Transform the Austin State Hospital (ASH) Campus

1. Replace the existing outmoded adult hospital with a new state-of-the-art facility.

a. Appropriate at least $285M to replace the hospital during the 86th Legislative session..

b. Identify funding to update and maintain the ASH Child and Adolescent units.

c. Have HHSC fund a team to relocate long-stay individuals to better placements.

2.  Improve ASH operations.

c. Develop a plan to transfer management of ASH operations to an academic partner.

d. Increase ASH operating budget to offer locally competitive employee salaries.

3. Change the ASH reporting structure.

e. Move ASH governance and fiduciary oversight to an independent hospital board.

4.  Initiate a brain health platform on the ASH campus and beyond.

f. Have HHSC release an RFI to identify partners to build a mental health care continuum.

g. Have HHSC fund a campus oversight team to lead campus development.

Optimize the Use of Community Psychiatric Beds in the Region

1.  Expand the community psychiatric bed-purchasing program (CPB).

a. Increase CPB funding to LMHAs by at least 10% (~$1.7 million for 200-250 annual admissions).

2.  Expand CPB to provide short-term competency restorations.

b. Fund a pilot program to expand CPB programs for short-term competency restorations.

 

Redesign Competency Restoration Programs and Processes

1.  Establish consistent competency standards and assessments across all courts.

a. Ask the Judicial Commission on Mental Health (JCMH) to convene a workgroup to develop statewide competency standards, assessments and workflows.

2.  Establish a formal 60-day inpatient competency restoration limit.

b. Change 46B statutes to set time expectations and a formal 60-day cap on competency restoration processes to disentangle clinical care and legal decision-making.

3.  Create a regional competency restoration team to work across venues.

c.
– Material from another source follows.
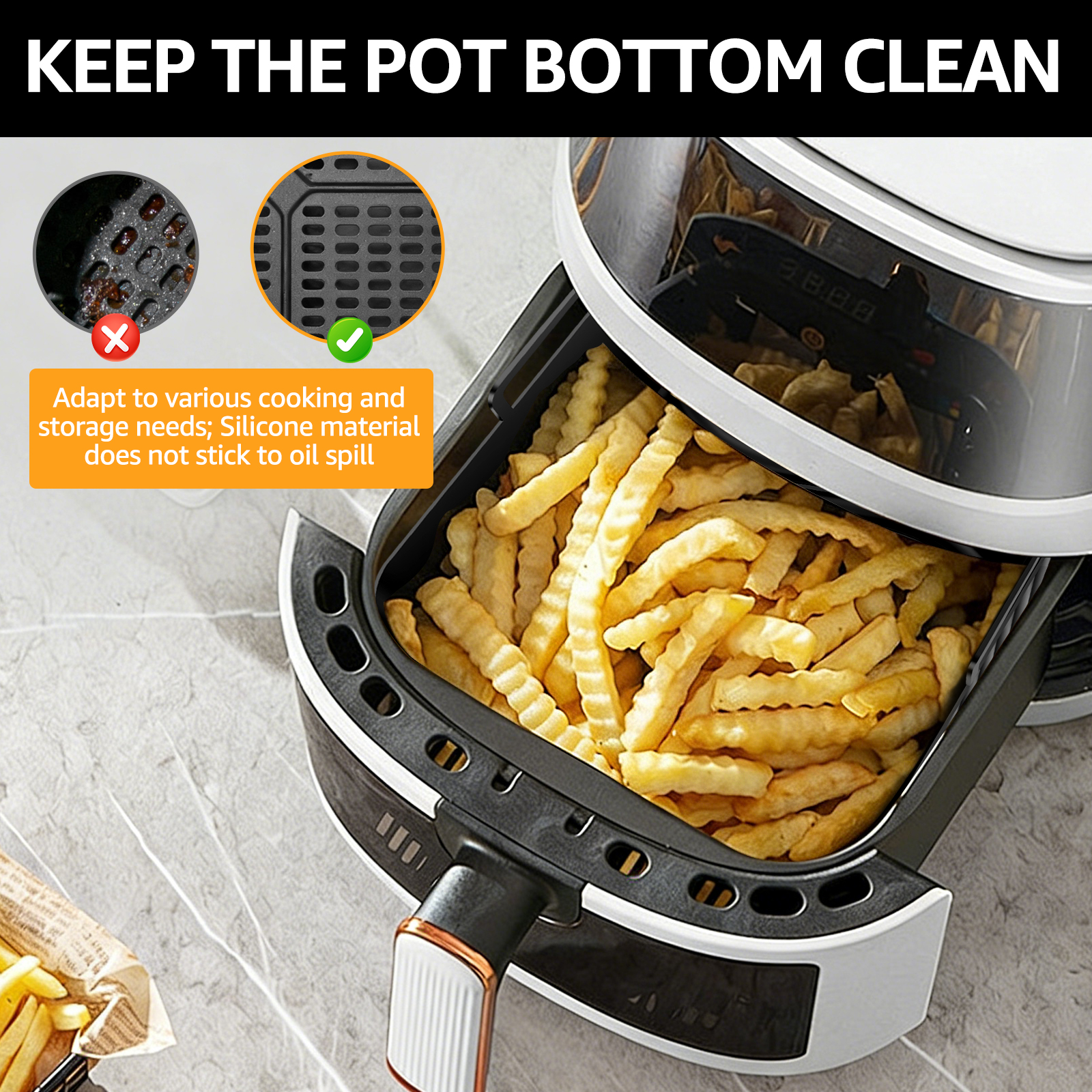 2Pcs Air Fryer Silicone Liners - огляд і ціна Commercial Kitchen Pots And Pans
Fund a regional competency restoration team to work across venues.

 

Increase Residential Care and Supported Housing Capacity

1.  Foster better use of the HCBS-AMH 1915(i) State Plan Amendment program.
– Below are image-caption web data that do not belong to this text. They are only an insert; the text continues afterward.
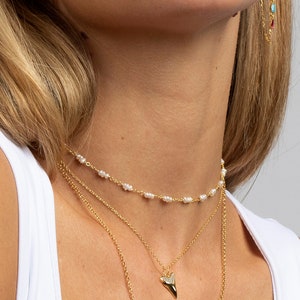 Collana girocollo con perle d'acqua dolce: collana delicata in argento sterling placcato oro 18k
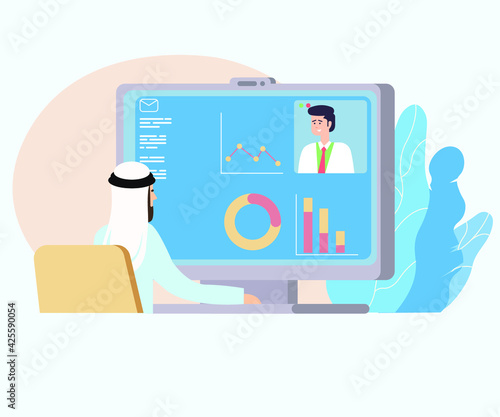Arabic man in a video conference isolated illustration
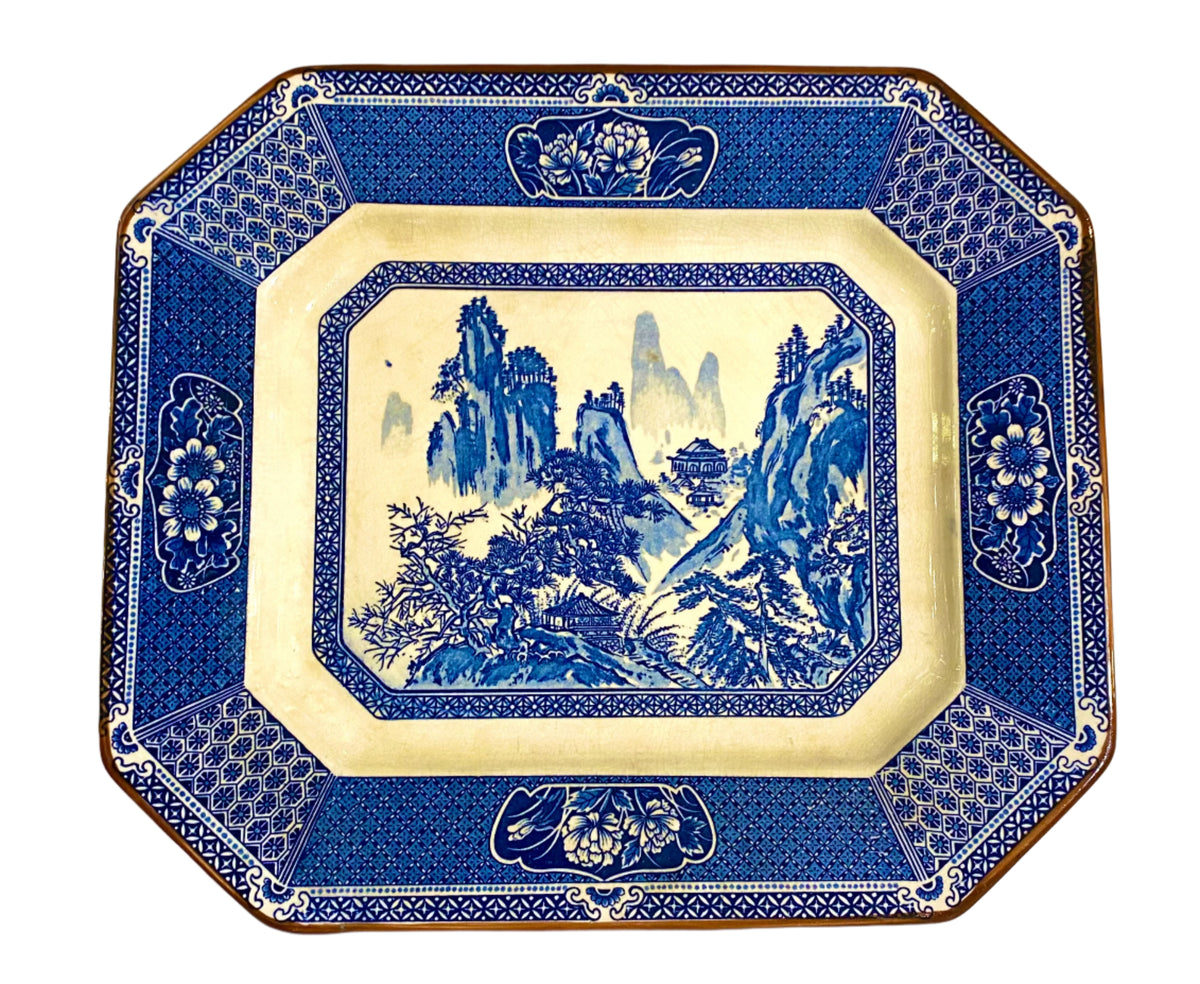 Antique Willow Pattern Blue and White wall plate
a. Have HHSC fund a regional work group to eliminate perceived and real barriers to better use of HCBS-AMH 1915(i) funding to expand supported housing.

2.  Finance expansion of evidence-based residential care and supported housing.

b. Have HHSC develop a comprehensive plan for expanding residential care, supported housing, and home health capacity in the state (including ASH Service Area).


One perpetual belief about paying for mental health care is that it is ‘too expensive’; inherent in this notion is the myth that if we do not pay for mental health care, there are no costs. However, mental health expenses occur regardless of the systems we do or do not provide to address them; with well-designed care systems, these costs can be quantified and designated to improve care as efficiently and effectively as possible. More importantly, an established continuum of care is specifically designed to decrease the human suffering associated with these illnesses. We believe that investment in new public psychiatric hospitals is a great step in the evolution of how we care for Texans. Doing so can lead Texas to the forefront of public mental health as a national leader in how best to advance brain health.